Thoughts on the Investigation Stage of the Nygard Big Data Model
Earlier this year Michael Nygard wrote an extremely detailed post about his experiences in the world of big data projects and included in the post was the following diagram which I’ve found very useful.
Nygard’s Big Data Model (shamelessly borrowed by me because it’s awesome)
Ashok and I have been doing some work in this area helping one of our clients make sense of and visualise some of their data and we realised retrospectively that we were very acting very much in the investigation stage of the model.
In particular Nygard makes the following suggestions about the way that we work when we’re in this mode:
We don’t want to invest in fully automated machine learning and feedback. That will follow once we validate a hypothesis and want to integrate it into our routine operation.
Ad-hoc analysis refers to human-based data exploration. This can be as simple as spreadsheets with line graphs…the key aspect is that most of the tools are interactive. Questions are expressed as code, but that code is usually just “one shot” and is not meant for production operations.
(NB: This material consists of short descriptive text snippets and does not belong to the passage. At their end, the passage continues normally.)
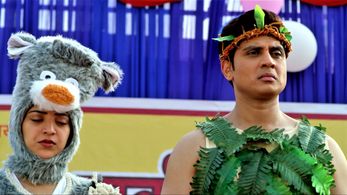 Shiv Panditt and Plabita Borthakur in Sutliyan (2022)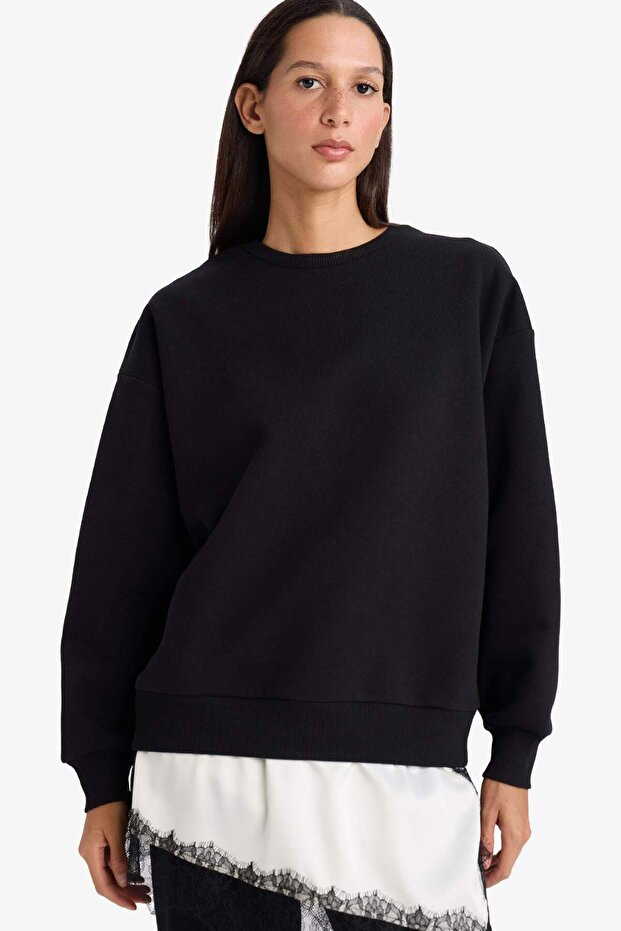 Relax Fit Crew Neck Hem Lace Detailed Sweatshirt G8595Ax25Cw
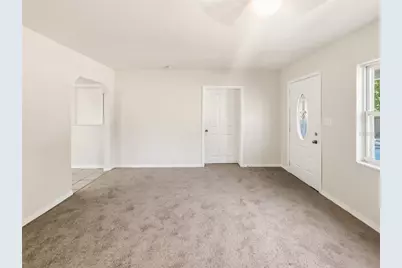 3017 E Idlewild Avenue, Tampa, FL 33610 - Photo 9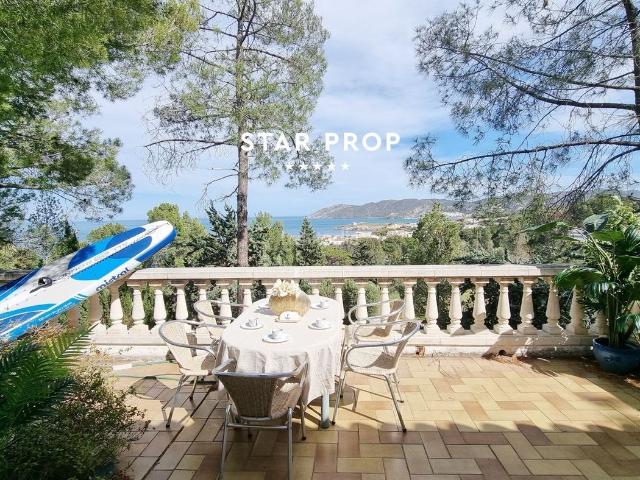 Casa en venta en Port de la Selva El Costa Brava. Casa con vistas al mar en Port de la Selva. Casas Port de la Selva.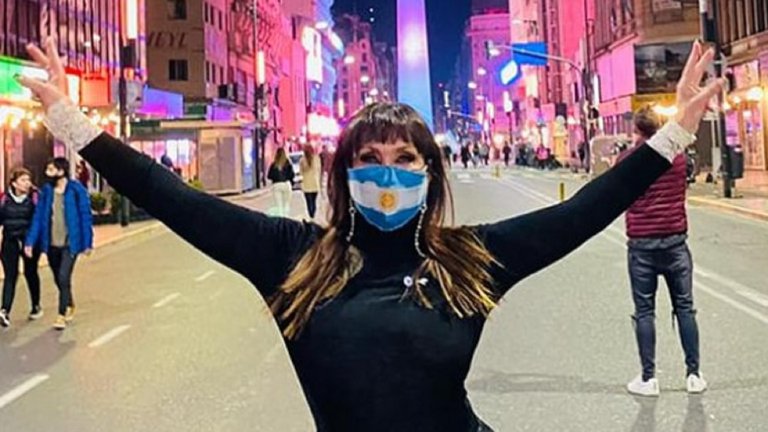 Moria Casán fue al Obelisco a festejar el triunfo de Argentina y le mandó un mensaje a Jair Bolsonaro que pronosticó una goleada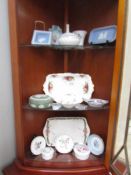 A mixed lot including Wedgwood,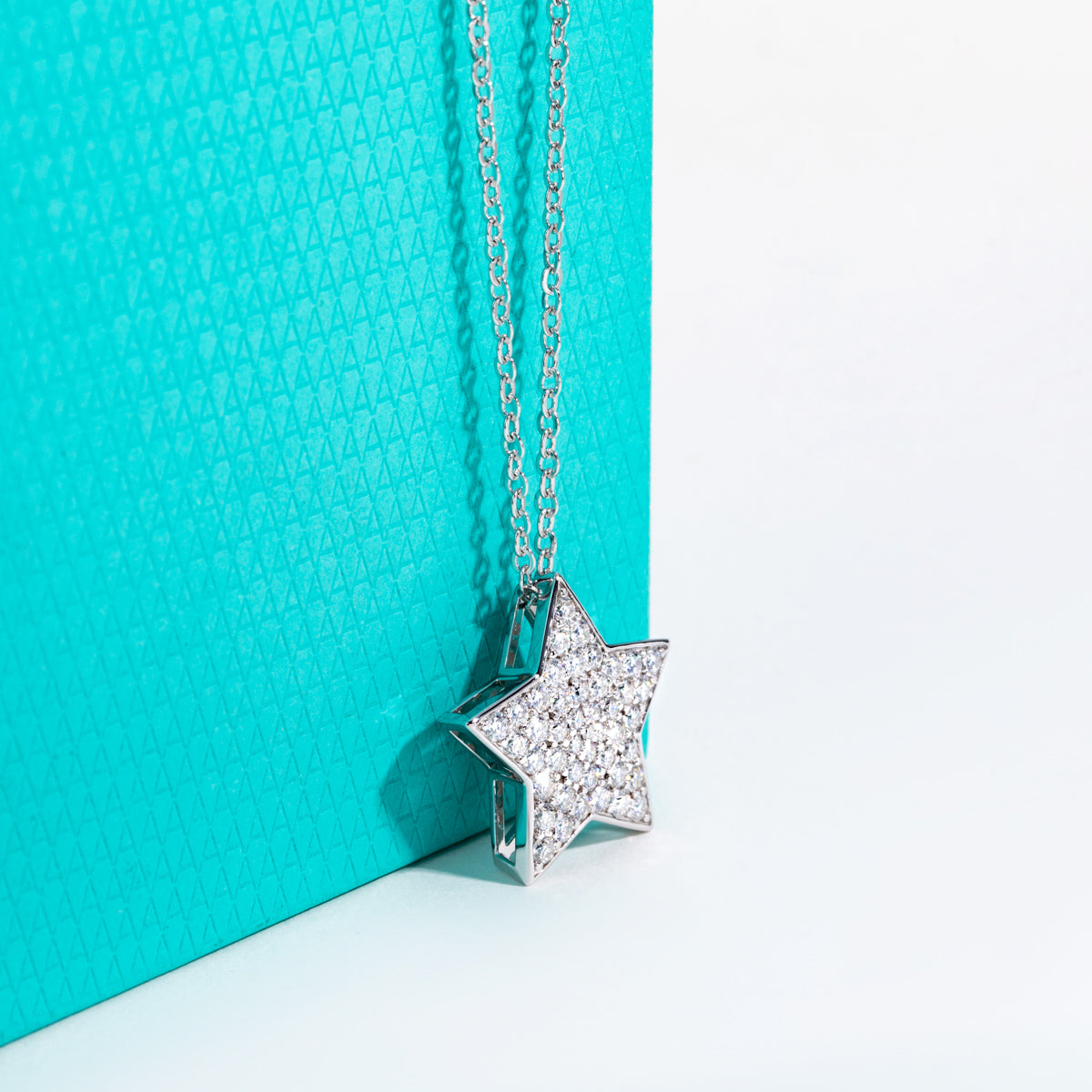 S925 Sterling Silver Paved Moissanite Star Pendant Necklace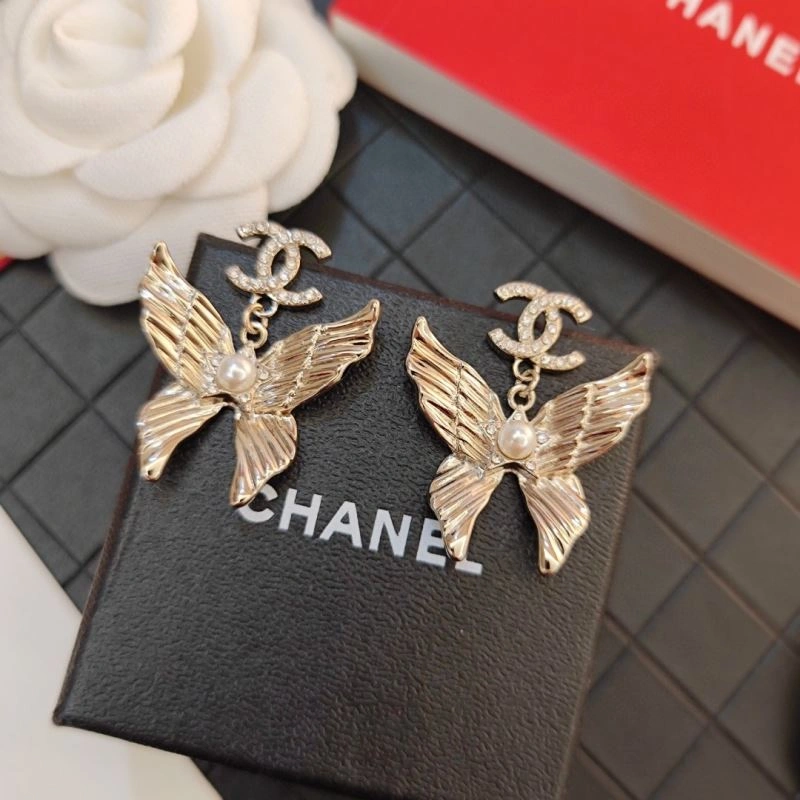 Sustainable Chanel Earrings 231882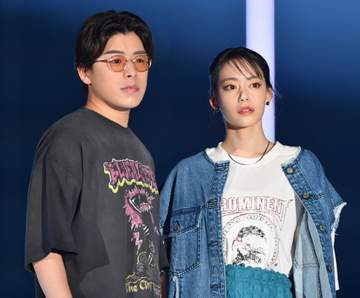 人気カップルユーチューバー 電撃離婚を発表 取材に事務所も認める 互いに「心から愛せる人に出会えた」と感謝も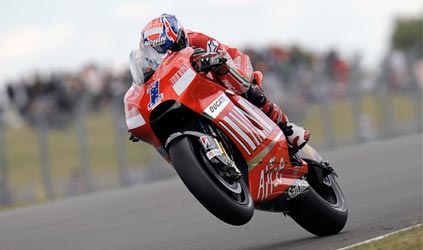 Donington - Gara:<br>Stoner e la Ducati dominano 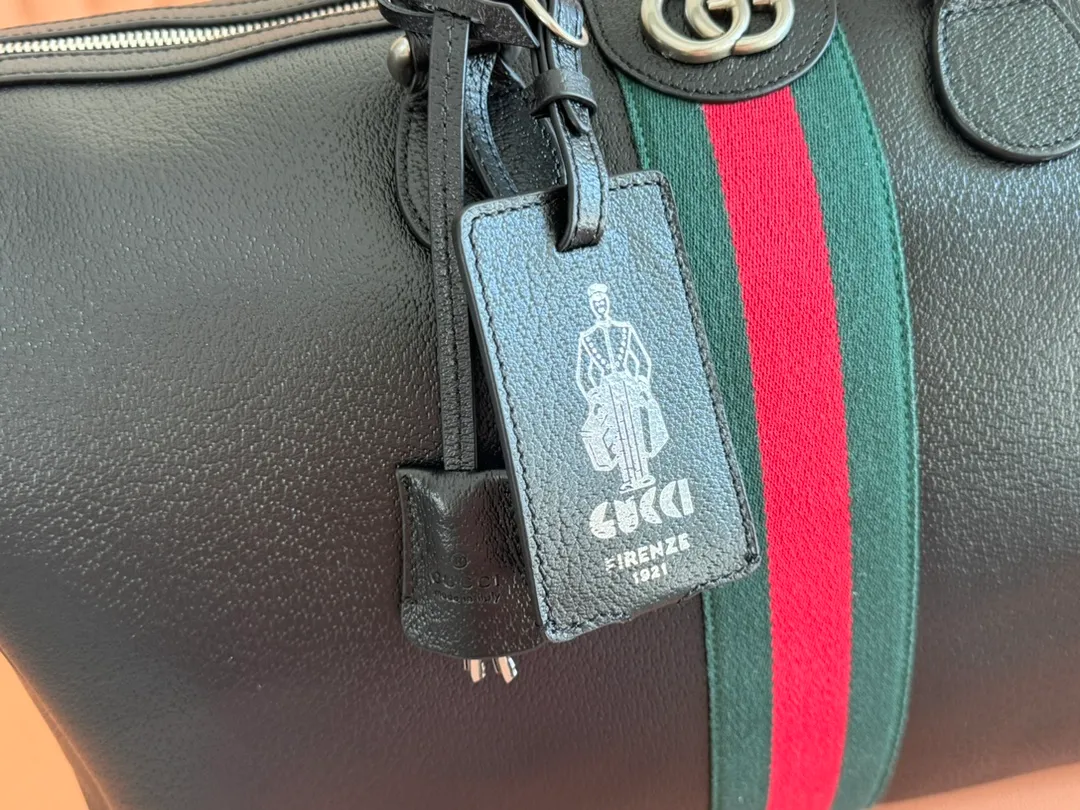 p2040. 💋💋💋"With full set of original gift bag packaging" [New Product] The Gucci Savoy series is an ingenious combination of beige and dark brown colors, with classic silhouettes and soft-touch fabrics. This travel bag is made of coated fabric with a GG monogram pattern and is intricately embellished with the Double G logo and webbing details. Beige and dark brown GG monogram coated fabric Dark brown leather piping Gold-toned hardware Green linen cotton blend lining Double G Web detail Capacity: 28 liters Interior: One zip pocket External: One removable bellman ID tag, one lock, one keychain Handle height: 12 cm Removable and adjustable leather shoulder strap (length adjustable between 119 cm and 134 cm) Zip closure Ident No.: 834460. Dimensions: 44cm (W) x 29cm (H) x 25cm (D) Weight: approx. 2.3kg Colour: Black Made in Italy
In our case we weren’t doing anything as complicated as machine learning – most of our work was working out the relationships between things, how best to model those and what visualisations would best describe what we were seeing.
We didn’t TDD any of the code, we copy/pasted a lot and when we had a longer running query, and we didn’t try and optimise it there and then. Instead, we ran it once, saved the results to a file, and then used the file to load it onto the UI.
We were able to work in iterations of 2/3 hours during which we tried to answer a question (or more than one if we had time) and then showed our client what we’d managed to do and then decided where we wanted to go next.
To start with we did all this with a subset of the actual data set and then once we were on the right track we loaded in the rest of the data.
We can easily get distracted by the difficulties of loading large amounts of data before checking whether what we’re doing makes sense.
We iterated 4 or 5 different ideas before we got to one that allowed us to explore an area which hadn’t previously been explored.
Now that we’ve done that we’re rewriting the application from scratch, still using the same ideas as from the initial prototype, but this time making sure the queries can run on the fly and making the code a bit closer to production quality!
We’ve moved into the implementation stage of the model for this avenue although if I understand the model correctly, it would be ok to go back into investigation mode if we want to do some discovery work with others parts of the data.
I’m probably quoting this model way too much to people that I talk to about this type of work but I think it’s really good so nice work Mr Nygard!